What do you know from earlier in this unit about the magnetic field produced by H_B?

Earlier we learned that the nuclear spin of H_B results in a magnetic field (B_HB) that is aligned either “with” or “against” B_APPL. Furthermore, we learned that essentially 50% of all H_B nuclei are aligned “with” and 50% are aligned “against”. So as H_A “looks over” at H_B, in half the molecules B_HB is aligned “with” B_APPL and in the other half of the molecules B_HB is aligned “against” B_APPL.

Is the flip of H_B’s spin between the “with” and “against” states rapid or slow?

This is an important question, because if the spin flips are rapid, then the effect of H_B’s magnetic field on H_A would be a time average of the two states, which would average out to zero. Earlier we learned that excited nuclear spin states have relatively long relaxation times. This means that the magnetic field of H_B does not rapidly flip back and forth and as H_A “looks over”; the field is either “with” or “against” during the time that the measurement is made. Figure 13 shows a representation of the effect of the magnetic field of H_B (B_HB) on the B_o value of H_A with the recognition that the flipping between states is slow in a particular molecule and B_HB is either in the “with” or “against” alignment.

Figure 13. Representation of the effect of the magnetic field of H_B (B_HB) on the B_o value of H_A with the recognition that the flipping between states is slow and B_HB is either in the “with” or “against” alignment. Note, the size of the different vectors are not accurately represented relative to the true size of the different magnetic fields.

The through-bond or scalar coupling is not a through-space effect. Instead, it involves a propagating effect involving the electrons in the intervening s bonds between the two coupled nuclei. Figure 14 shows a representation of the spin of H_B and then what preferentially happens with the paired electrons within the three σ bonds that separate H_A and H_B. Note how the electron spins preferentially align with the spin of H_B so that any neighboring set of arrows in the figure are paired up. In the case of H_B “with” (top of Figure 14), the closest electron to H_A in the σ- bond also has a “with” alignment.

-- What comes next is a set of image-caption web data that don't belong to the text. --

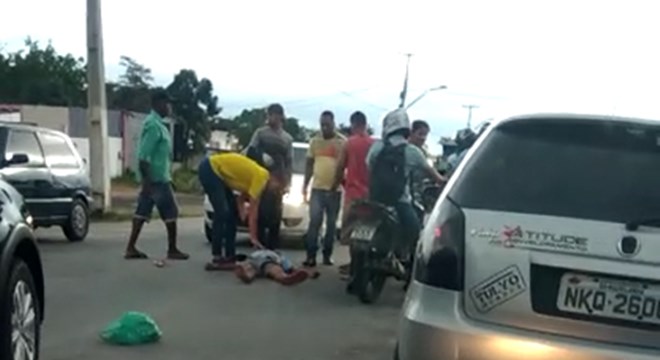 Homem foi atropelado por motocicleta (Crédito: Reprodução)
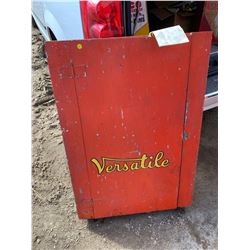 Versatile Machinery Display Cabinet (29" x 39" x 7")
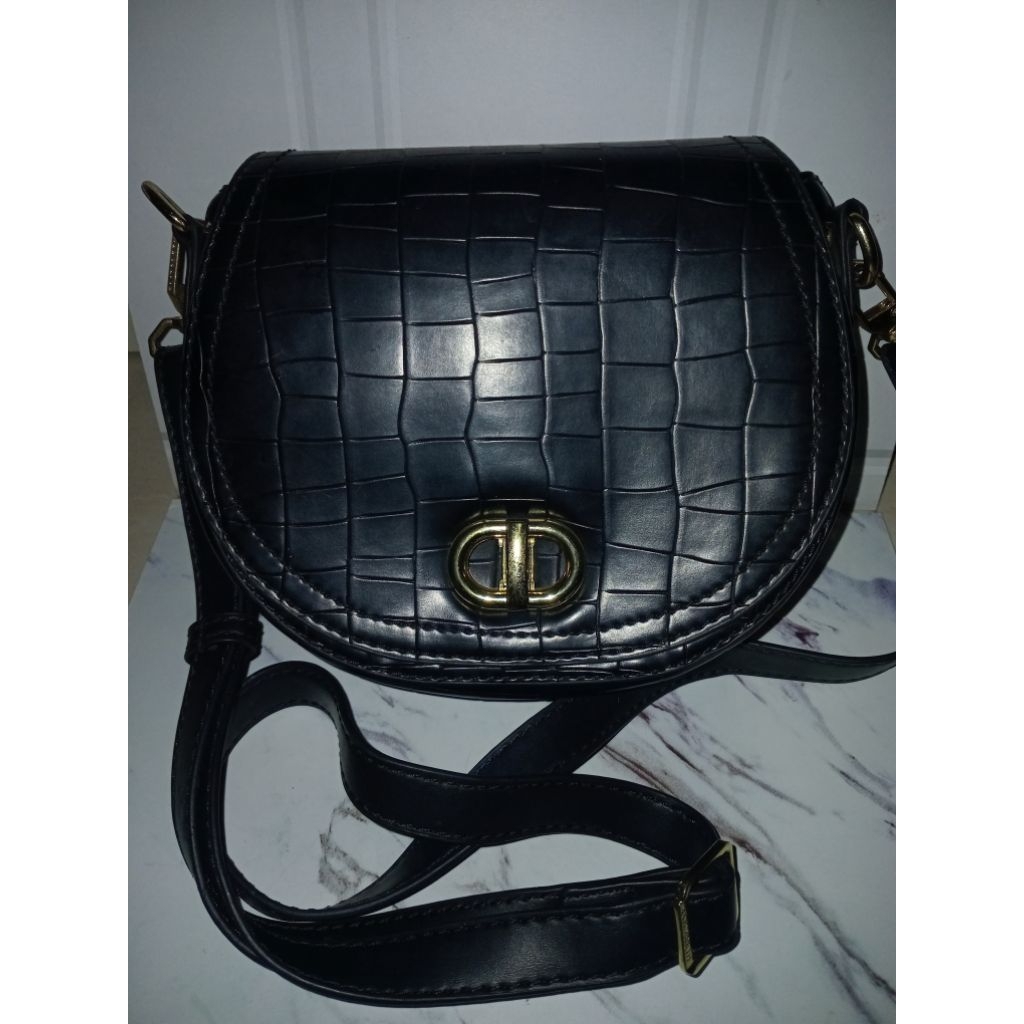 tas wanita ELIZABETH jual murah preloved pribadi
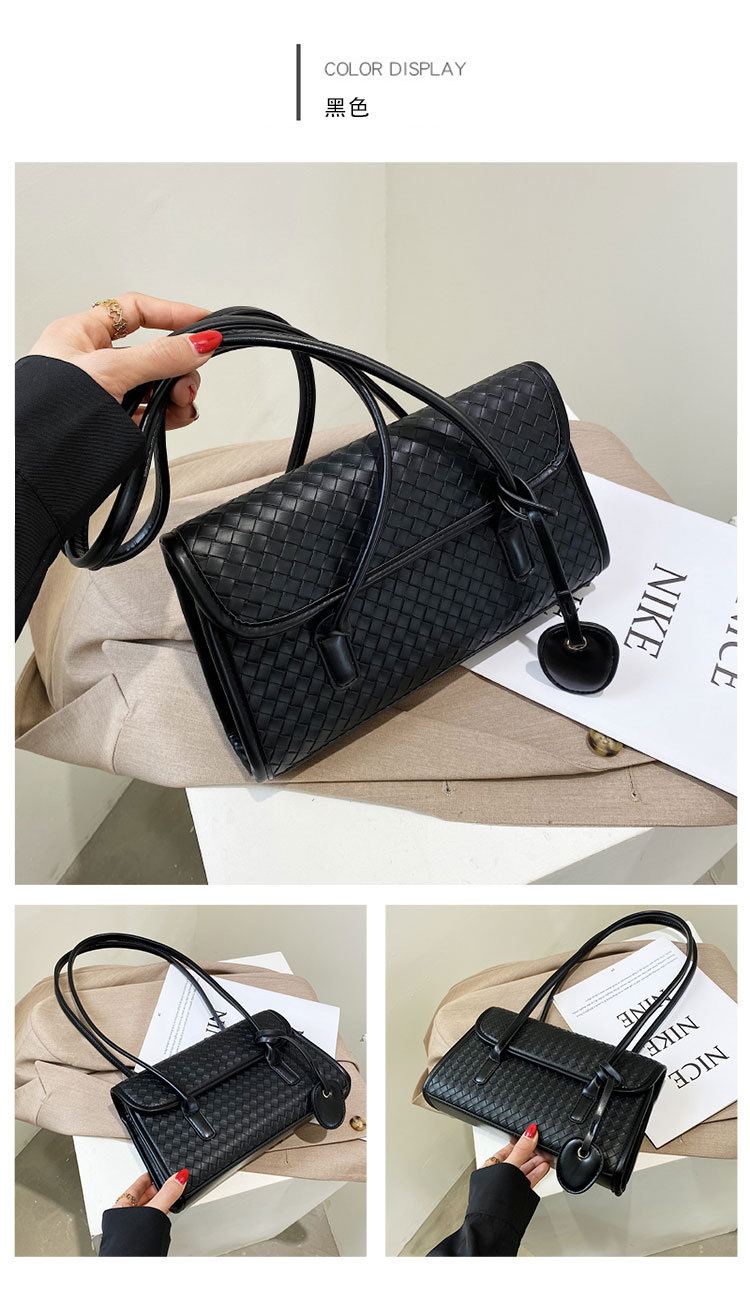 Fashion Weaving Embossed Solid Color One-shoulder Underarm Bag display picture 9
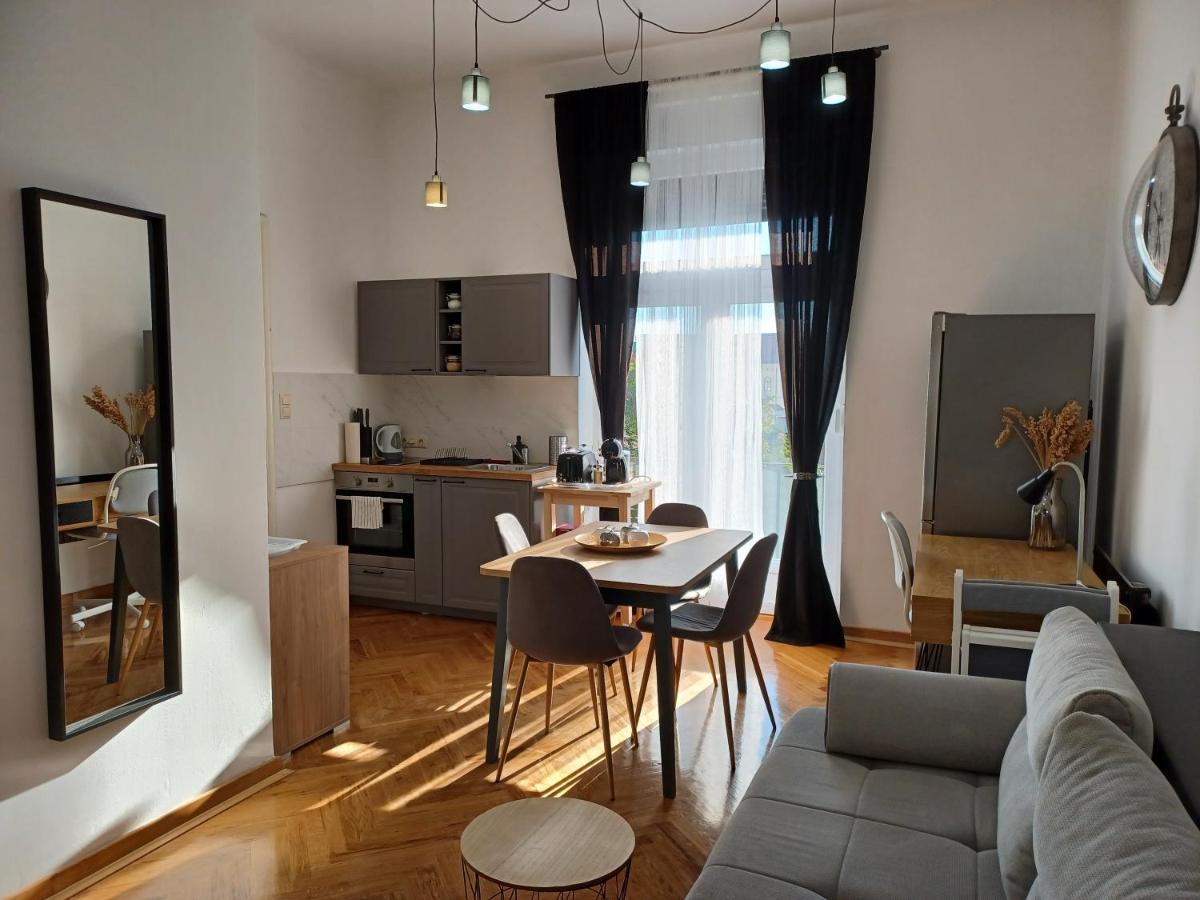 Apartment Hesperia Zagabria Esterno foto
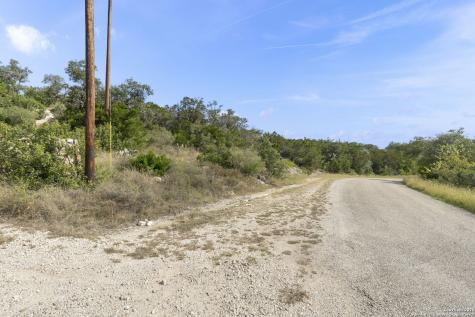 676 County Road 243 Hondo TX 78861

In the case of H_B “against” (bottom of Figure 14), the closest electron to H_A in the σ bond also has an “against” alignment.

Figure 14. Representation of the preferred alignment of the electron spins in the σ bonds for the case of H_B “with” and H_B “against” cases.

What does the resonance for H_A look like in the NMR spectrum?

Because the magnetic field of H_B has two possible alignments, H_A now has two possible B_o values and these are essentially equal in population. Therefore, the resonance consists of two peaks of equal intensity and is called a doublet (see Figure 15). Note, the chemical shift (\(\delta\)) of the doublet shown in Figure 15 would be the value at the exact center of the doublet.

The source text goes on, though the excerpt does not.